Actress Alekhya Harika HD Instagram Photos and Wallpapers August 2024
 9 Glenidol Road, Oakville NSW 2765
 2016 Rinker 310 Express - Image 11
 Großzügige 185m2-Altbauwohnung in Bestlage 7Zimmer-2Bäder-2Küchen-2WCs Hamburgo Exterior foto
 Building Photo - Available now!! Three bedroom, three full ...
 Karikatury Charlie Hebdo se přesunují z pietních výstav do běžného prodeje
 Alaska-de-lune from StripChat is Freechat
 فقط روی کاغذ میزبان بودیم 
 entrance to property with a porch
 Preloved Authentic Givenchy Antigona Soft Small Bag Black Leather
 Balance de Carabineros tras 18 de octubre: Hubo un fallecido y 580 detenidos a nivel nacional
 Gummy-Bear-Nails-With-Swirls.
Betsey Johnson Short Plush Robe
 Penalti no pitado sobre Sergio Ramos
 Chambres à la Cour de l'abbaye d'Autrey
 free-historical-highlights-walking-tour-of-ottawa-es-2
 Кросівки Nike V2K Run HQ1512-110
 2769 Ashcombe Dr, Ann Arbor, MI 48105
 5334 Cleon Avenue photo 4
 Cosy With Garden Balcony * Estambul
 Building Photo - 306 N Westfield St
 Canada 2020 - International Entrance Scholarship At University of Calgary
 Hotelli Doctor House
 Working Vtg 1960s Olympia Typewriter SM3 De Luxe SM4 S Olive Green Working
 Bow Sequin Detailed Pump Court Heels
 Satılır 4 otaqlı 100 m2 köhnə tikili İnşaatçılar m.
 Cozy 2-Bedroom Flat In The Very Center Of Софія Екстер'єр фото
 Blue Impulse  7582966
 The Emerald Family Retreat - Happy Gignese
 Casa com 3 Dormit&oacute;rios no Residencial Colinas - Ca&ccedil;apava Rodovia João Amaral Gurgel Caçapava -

--- Problem details ---
Using the data above, transcribe the lines that run from the line with "Betsey Johnson Short Plush Robe" to the line with "Bow Sequin Detailed Pump Court Heels", both ends kept, and output nothing else.

--- Final answer ---
Betsey Johnson Short Plush Robe
 Penalti no pitado sobre Sergio Ramos
 Chambres à la Cour de l'abbaye d'Autrey
 free-historical-highlights-walking-tour-of-ottawa-es-2
 Кросівки Nike V2K Run HQ1512-110
 2769 Ashcombe Dr, Ann Arbor, MI 48105
 5334 Cleon Avenue photo 4
 Cosy With Garden Balcony * Estambul
 Building Photo - 306 N Westfield St
 Canada 2020 - International Entrance Scholarship At University of Calgary
 Hotelli Doctor House
 Working Vtg 1960s Olympia Typewriter SM3 De Luxe SM4 S Olive Green Working
 Bow Sequin Detailed Pump Court Heels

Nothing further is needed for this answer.